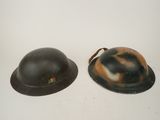 two helmets that are sitting on a table
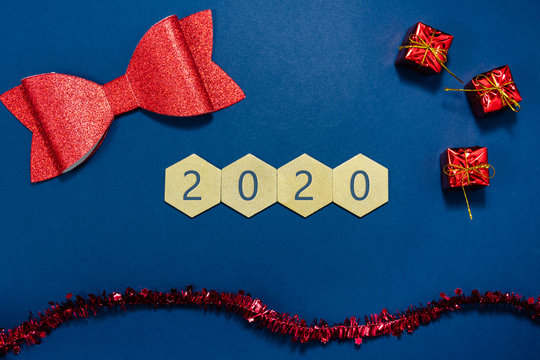 2020 written on wooden hexagons  with red christmas decorations in a conceptual image of the coming new year. Over blue background.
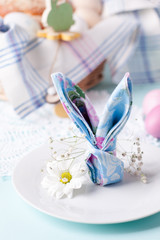 napkin in the form of a rabbit - elements of the Easter festive table, option of serving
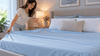 A woman putting a new cooling sheet on the bed.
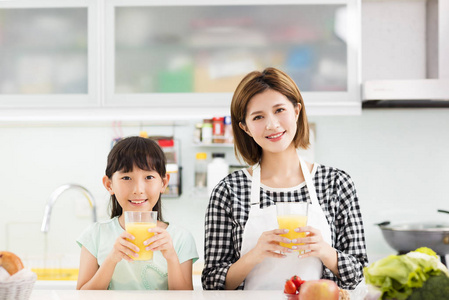 快乐的母亲和孩子在厨房喝果汁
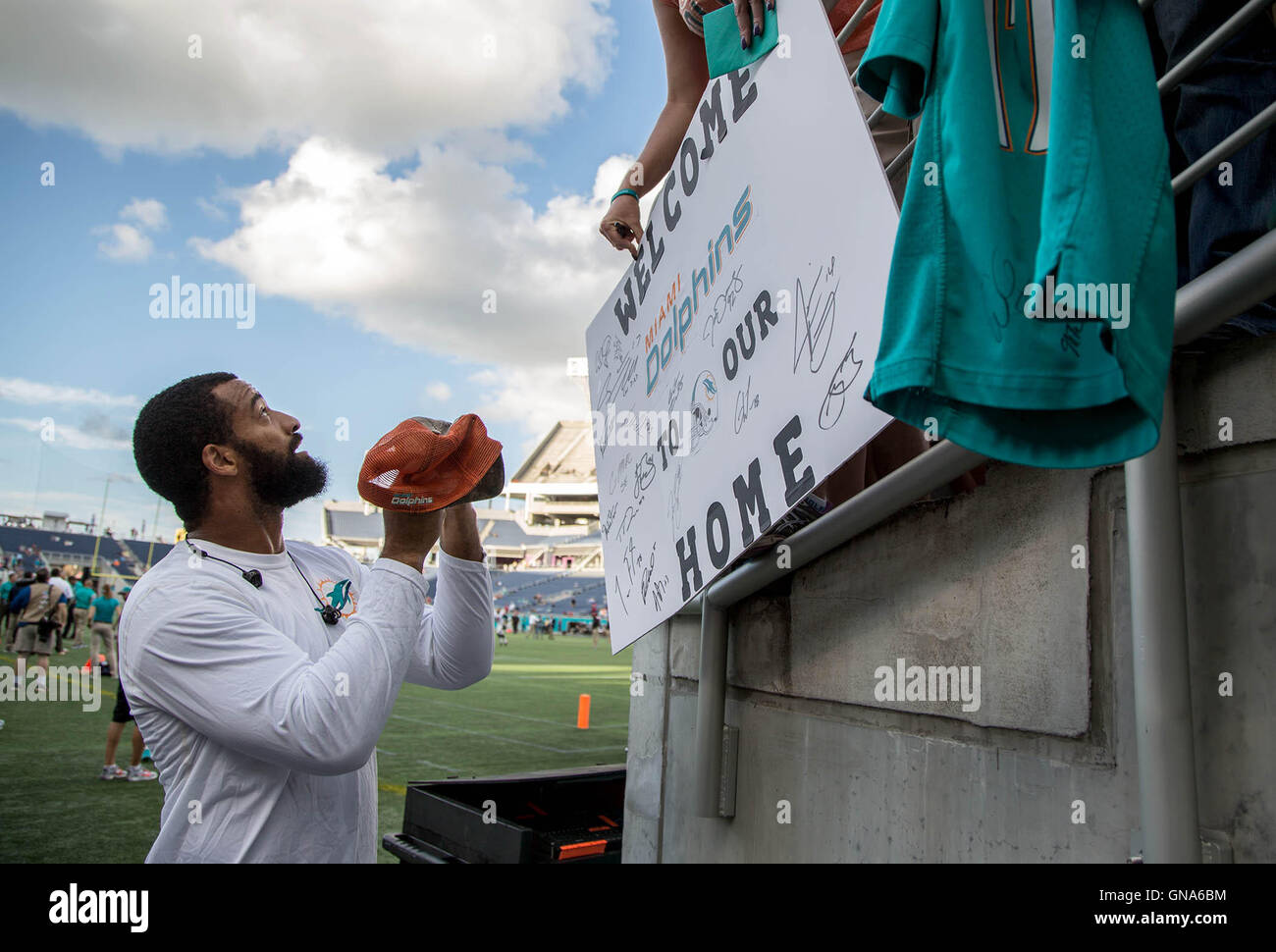 Orlando, Florida, USA. 29th Aug, 2016. Miami Dolphins linebacker Spencer Paysinger (42) signs autographs at Camping World Stadium in Orlando, Florida on August 25, 2016. Credit:  Allen Eyestone/The Palm Beach Post/ZUMA Wire/Alamy Live News Stock Photo
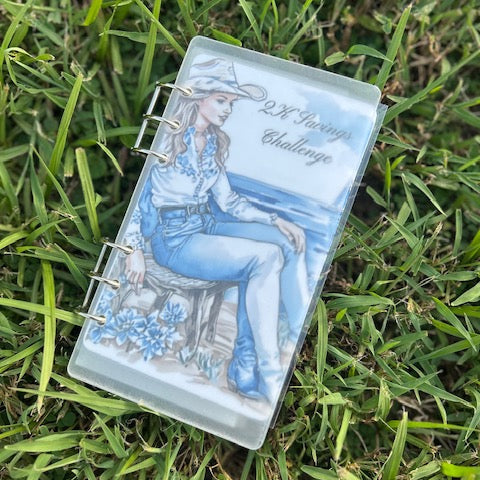 Notebook with a design of a woman in a cowboy hat and boots on grass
--------
Work to be completed:
All of the entries must be reproduced exactly, with no pictures kept.

Answer box:
 two helmets that are sitting on a table
 2020 written on wooden hexagons  with red christmas decorations in a conceptual image of the coming new year. Over blue background.
 napkin in the form of a rabbit - elements of the Easter festive table, option of serving
 A woman putting a new cooling sheet on the bed.
 快乐的母亲和孩子在厨房喝果汁
 Orlando, Florida, USA. 29th Aug, 2016. Miami Dolphins linebacker Spencer Paysinger (42) signs autographs at Camping World Stadium in Orlando, Florida on August 25, 2016. Credit:  Allen Eyestone/The Palm Beach Post/ZUMA Wire/Alamy Live News Stock Photo
 Notebook with a design of a woman in a cowboy hat and boots on grass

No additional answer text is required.